Cuando la cosa se considera más despacio, ya al
apuntar la mañana, cae uno en esta perplejidad: después de todo – se pregunta–
no sólo mi cultura, sino aún mi sangre y mis entrañas ¿tienen más de común con
el céltico aborigen que con el romano civilizado? Es decir, ¿no tendré un
perfecto derecho, aún por fuerza de la sangre, a mirar la tierra española con
ojos de invasor romano; a considerar con orgullo esta tierra no como remota
cuna de los míos sino como incorporada por los míos a una nueva forma de
cultura existencia? ¿Quién me dice que, en el sitio de Numancia, hay dentro de
las murallas más sangre mía, más valores de cultura míos, que en los
campamentos sitiadores?
Quizá podamos entender esto señaladamente bien los que
procedemos de familias que hayan visto nacer muchas de sus generaciones en la
América hispana. Nuestros antepasados transatlánticos, como nuestros actuales
parientes de allá, se sienten tan americanos como nosotros españoles; pero
saben que su calidad americana les viene como descendientes de los que dieron a
América su forma presente. Sienten a América como entrañablemente suya porque
sus antepasados la ganaron. Aquellos antepasados procedían de otro solar, que
es ya, para sus descendientes, más o menos extranjero. En cambio, la tierra en
que actualmente viven, siglos atrás extranjera, es ahora la suya, la
definitivamente incorporada por unos remotos abuelos al destino vital de su
estirpe.
Estos dos puntos de vista descansan sobre dos maneras
de entender la patria: o como razón de tierra o como razón de destino. Para
unos, la patria es el asiento físico de la cuna; toda su tradición es una
tradición espacial, geográfica. Para otros, la patria es la proyección física
de un destino; la tradición, así entendida, es predominantemente temporal,
histórica.
2. Con esta previa delimitación de conceptos cabe
resumir la cuestión inicial: ¿qué fue la Reconquista? Ya se sabe: desde el
punto de vista infantil, el lento recobro de la tierra española por los
españoles contra los moros que la habían invadido. Pero la cosa no fue así. En
primer lugar, los moros (es más exacto llamarles “los moros” que “los árabes”;
la mayor parte de los invasores fueron berberiscos del norte de África, los
árabes, la raza superior formaban solamente la minoría directora) ocuparon la
casi totalidad de la Península en poco tiempo más del necesario para una toma
de posesión material, sin lucha. Desde Guadalete (año 711) hasta Covadonga
(718) no habla la Historia de ninguna batalla entre forasteros e indígenas.

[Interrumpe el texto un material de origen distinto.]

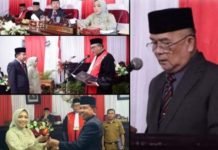 Sekda Zainal Efendi Hadiri Pelantikan Wakil Ketua DPRD Kerinci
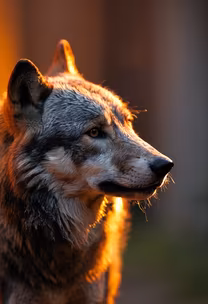 Golden Hour Wolf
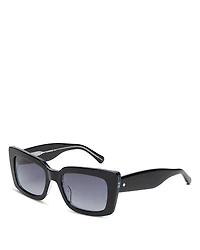 kate spade new york Cailin Rectangle Sunglasses, 52mm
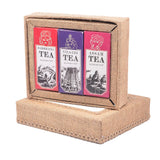 Golden Tips 3-in-1 Darjeeling, Assam & Nilgiri Black Teas in Handcrafted Jute Box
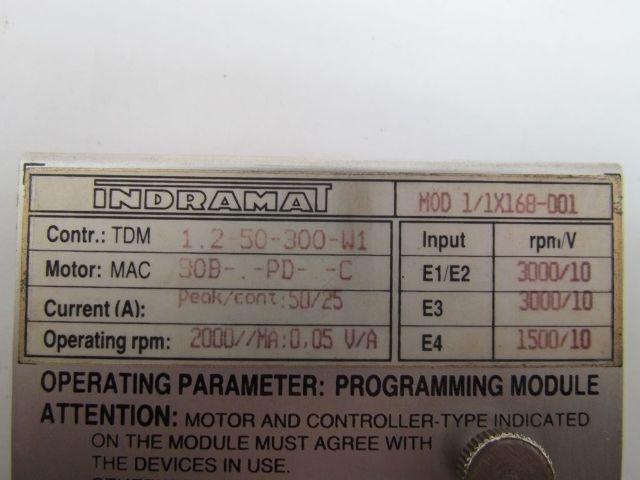 Indramat 1/1x168-001 Programming Module for TDM 1.2-50-300-W1 2000 rpm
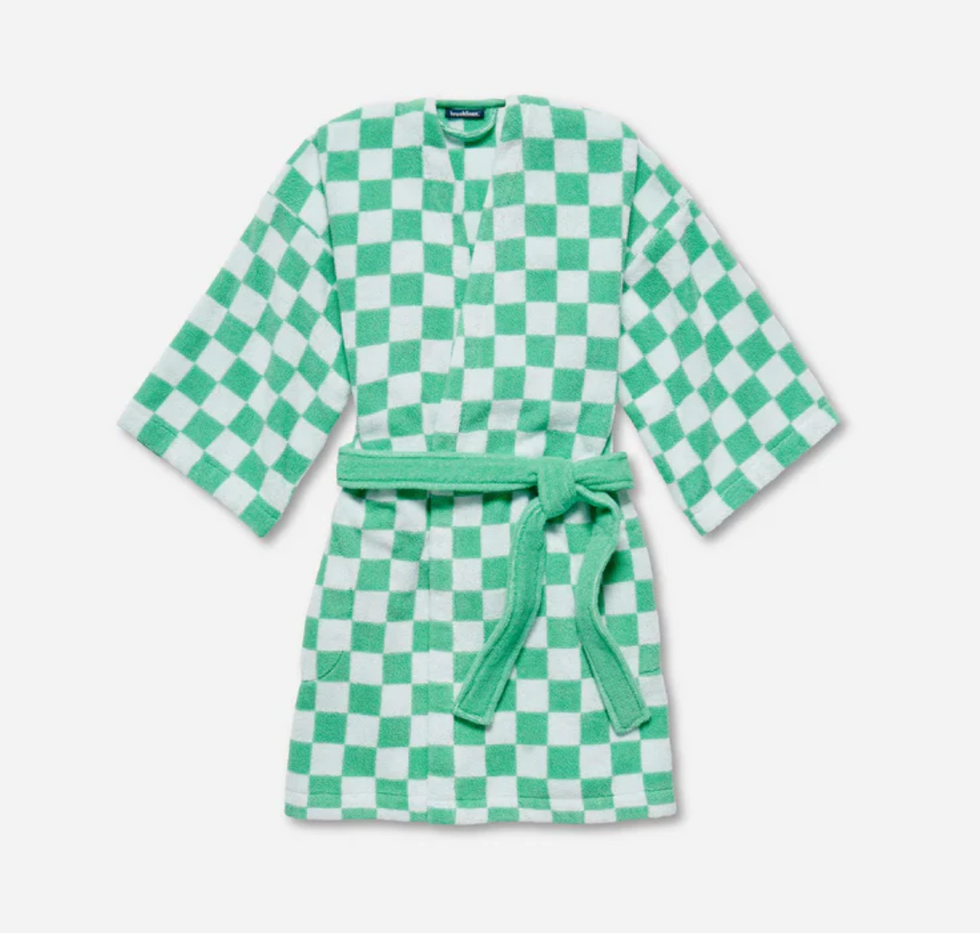 Brooklinen Checkerboard Robe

Hasta el reino de Todomir, en Murcia, se constituyó por buenas componendas con
los moros, toda la inmensa España fue ocupada en paz; España, naturalmente, con
los “españoles” que habitaron en ella. Los que se replegaron hacia Asturias
fueron los supervivientes de entre los dignatarios y militares godos; es decir,
de los que tres siglos antes habían sido, a su vez, considerados como invasores.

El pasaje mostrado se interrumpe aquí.